Building Foundational Knowledge

UNITS

For Administrators & Teachers

2-4 Hours Each Unit, 10-20 Hours Total

Unit Goals

Unit 1: Why Are We Here? The Case for Improving Math Outcomes for All Students

Goals - At the conclusion of this unit, participants will be able to:

  1. Analyze data around how students are performing in the area of math across the state and within their county.

  2. Articulate the learner variability that exists across all students, examine areas of disproportionality when considering students with disabilities, and explore characteristics for each area of disability related to special education.

  3. Understand that each student needs to be considered as an individual, use profiles of student’s background, interests, strengths, and challenges to more fully understand the variability that exists across all students and recognize that a disability label does not define a student.

  4. Identify Executive Functions (those complex cognitive processes that support ongoing and goal directed behavior) as an area of learner variability and understand how these skills impact how students plan, organize, strategize, pay attention, remember, and manage within time and space in a math learning environment.

Unit 2: Evaluating Practices for Providing Access to All Students to Core Instruction and Rigorous Standards

Goals - At the conclusion of this unit, participants will be able to:

  1. Use data to analyze problems through the lens of Improvement Science. Participants will receive guided practice to:

    • Review local data and implement protocols to look at the data through a “ladder of inference”, develop a “problem of practice” statement, and develop an aim for improving practice.

    • Based on a “problem of practice”, implement protocols to determine root causes for the problem.

    • Delve deeper into the root cause of a problem by using protocols to determine what may potentially be driving the problem and begin to use that information to brainstorm change ideas.

  2. Describe the elements of an MTSS system currently in place at the site, and implement a protocol for looking at a process within their system for providing supports to individual students.

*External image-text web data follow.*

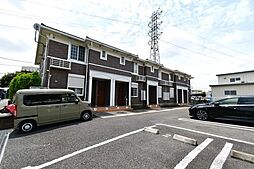 JR青梅線 昭島駅 バス30分 三ツ木交差点下車 徒歩9分の賃貸アパート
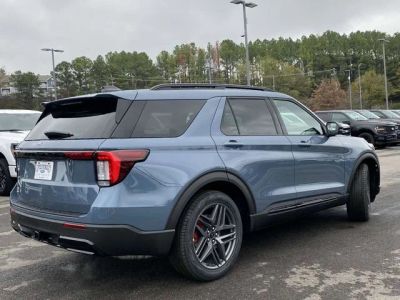 2026 Ford Explorer — rear three-quarter view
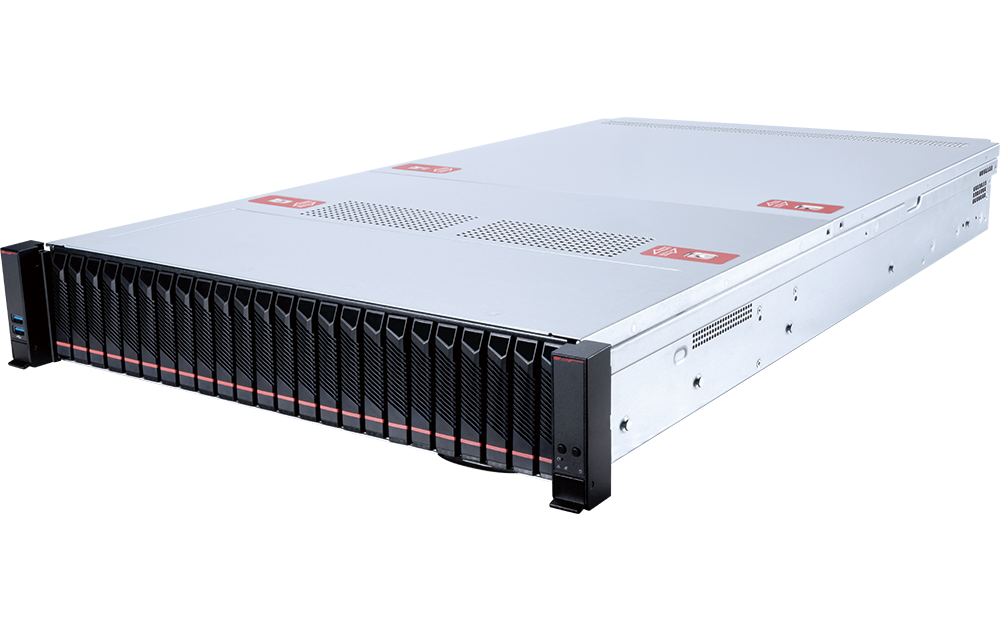 MSI CX271-S3066 2u rackmount enterprise product photo showing the front of the chassis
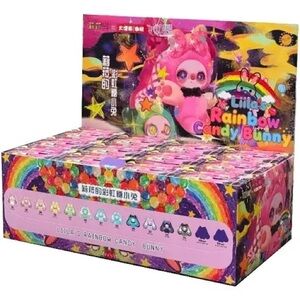 Liila Rainbow Candy Bunny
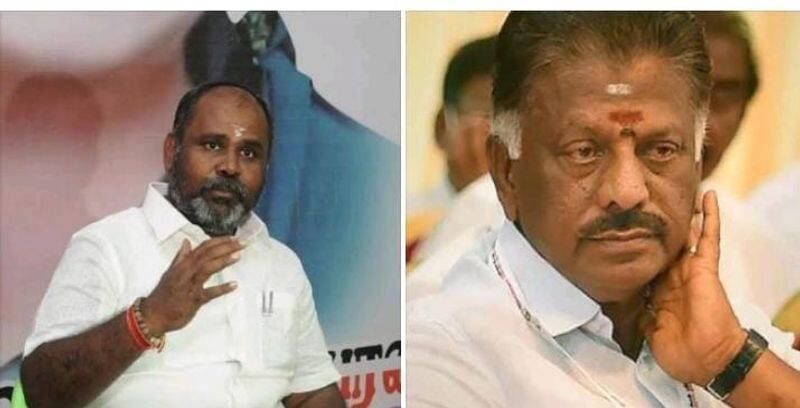 RB Udayakumar has said that there is no place for traitors in AIADMK KAK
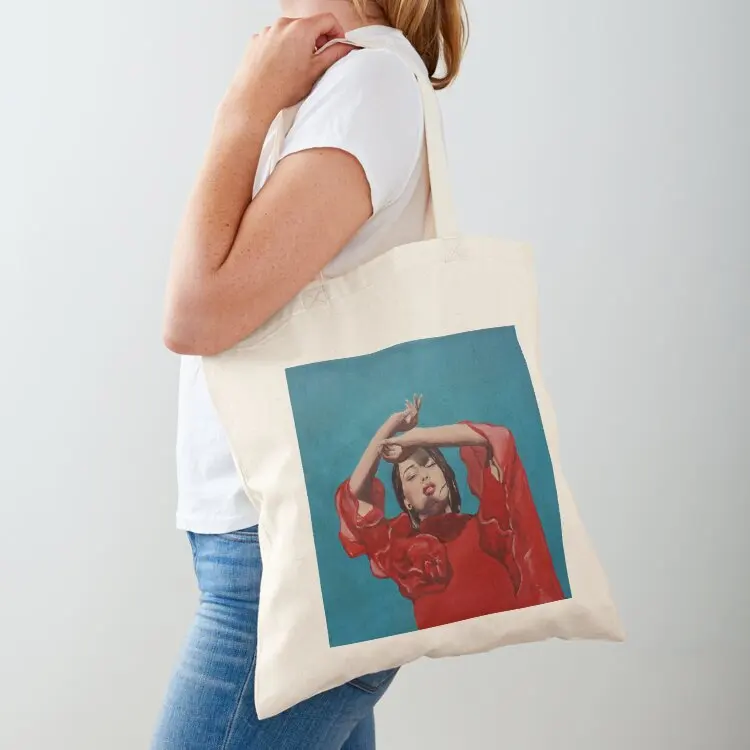 

Rosal-a De Plata oil painting Tote Bag Shopping bags custom bags custom canvas bag Women's shopping bag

  3. Examine which service delivery options they are utilizing and evaluate their effectiveness in promoting high quality, equitable, and accessible core instruction that map toward college, career and civic life preparedness.

Unit 3: Universal Design for Learning, Mathematical Mindset, and Shifts in Practice

Goals - At the conclusion of this unit, participants will be able to:

  1. Explore current opinions and beliefs about math, relate these to a “productive” math mindset, and understand how our beliefs affect the types of learning opportunities we provide students.

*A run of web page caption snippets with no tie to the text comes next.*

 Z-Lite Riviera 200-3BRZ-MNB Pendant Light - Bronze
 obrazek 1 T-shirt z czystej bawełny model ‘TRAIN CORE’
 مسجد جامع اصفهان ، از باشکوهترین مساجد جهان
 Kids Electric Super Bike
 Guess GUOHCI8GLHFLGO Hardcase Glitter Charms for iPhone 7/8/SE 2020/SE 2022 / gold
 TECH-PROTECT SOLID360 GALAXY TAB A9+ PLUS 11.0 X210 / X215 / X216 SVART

  2. Apply the principles of UDL to a math learning environment:

    • Understand the relationship between three basic learning networks established in neuroscience research, and how we structure learning to effectively engage each network in a UDL model.

    • Relate these with specific UDL guidelines that enable students to effectively activate each network.

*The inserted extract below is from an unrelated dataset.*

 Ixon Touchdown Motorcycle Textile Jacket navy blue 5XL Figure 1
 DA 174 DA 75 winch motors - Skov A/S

    • Apply this to math talk activities, observing barriers that individual students may experience in these math activities.

  3. Explore what the UDL definition of “expert learning” is and how that relates to students’ agency, ownership and identify with mathematics; observe for evidence of these characteristics in videos of math lessons and apply to the belief that the types of learning opportunities we provide students supports the development of expert learners.

Unit 4: Strategies that Support Inclusive Math Learning

Goals - At the conclusion of this unit, participants will be able to:

  1. Identify barriers in the learning environment specific to individual students’ needs.

  2. Using the information we have about a variety of individual learners (case profiles), identify strengths and interests that can be leveraged as well as potential barriers those students may have in accessing instruction.

  3. Given a recent math lesson plan, and considering a current student or case profile, use CAST’s “Designing to Remove Barriers” tool to identify potential barriers, identify an applicable UDL guideline to address the barrier, and use the checkpoints to identify options or strategies to incorporate into the lesson.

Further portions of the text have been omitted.